Cody looks back at Annie finally. “Then you started mattering more than my own self-preservation instincts.”
Annie’s expression softens so completely it nearly ruins me.
Silas watches all of us silently. Then he reaches for Annie’s hand. “I spent most of my life believing love was responsibility. Something heavy. Something you survive.”
Annie’s fingers tighten around his automatically.
Silas’s voice roughens. “But you walk into a room and suddenly things feel possible again.” He exhales once. “And that scares the hell out of me because losing you would destroy me.”
“You idiots,” she whispers.
I grin faintly. “Romantic idiots.”
“Dangerously attached idiots,” Cody corrects softly.
Silas just watches her as if she hung the moon personally.
Annie laughs once. “I love you, too.”
My entire body goes still.
Beside me, Cody closes his eyes briefly.

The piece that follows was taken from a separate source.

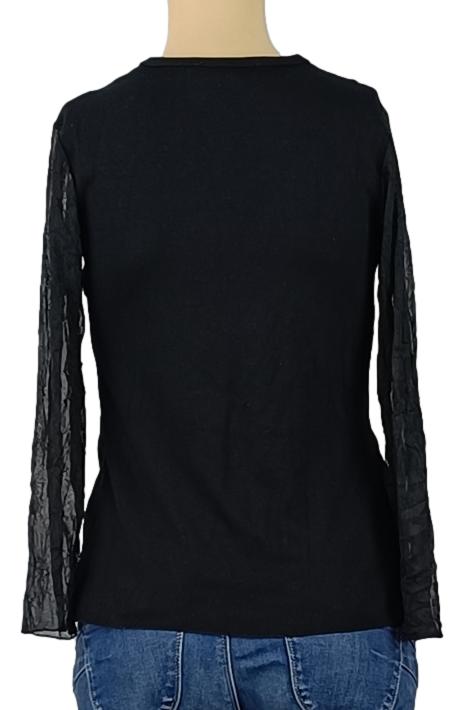 Top Double Jeu - Taille 36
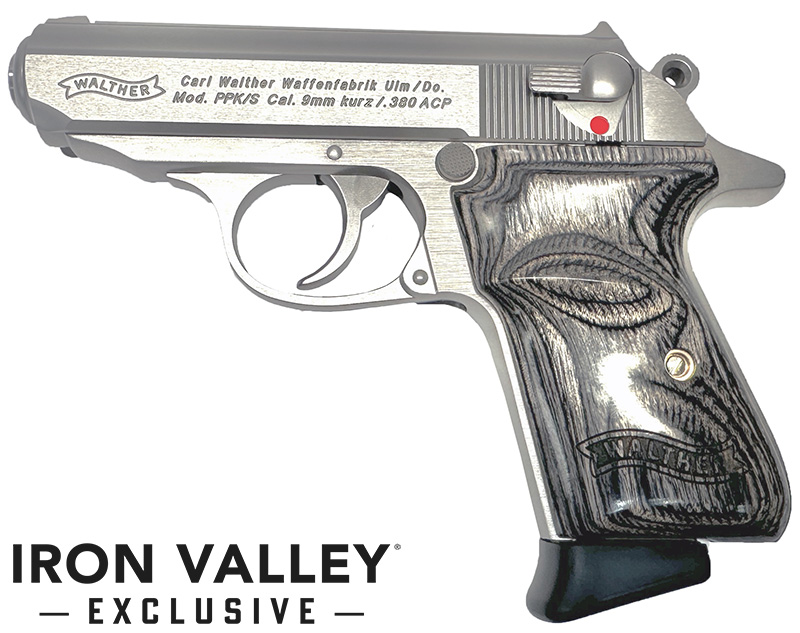 PPK/S | Iron Valley Supply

The words physically hit him somewhere vital.
Annie shakes her head, smiling through tears now. “All of you. Which feels medically concerning.”
I bark out a laugh loud enough to echo through the empty hall.
And then we’re moving at the same time.
I kiss her first because patience has literally never been my ministry.
Annie laughs against my mouth before kissing me back hard enough to steal the oxygen straight from my lungs.
Cody’s hands slide into her hair the second I pull away, kissing her slower, deeper.
Silas waits exactly three seconds longer than the rest of us.
Then he cups her face carefully and kisses her hard.
Outside, rain falls soft across Colter Creek.
Inside the municipal hall, surrounded by folding chairs and exposed corruption and the wreckage of the Harlan family legacy, we choose each other anyway.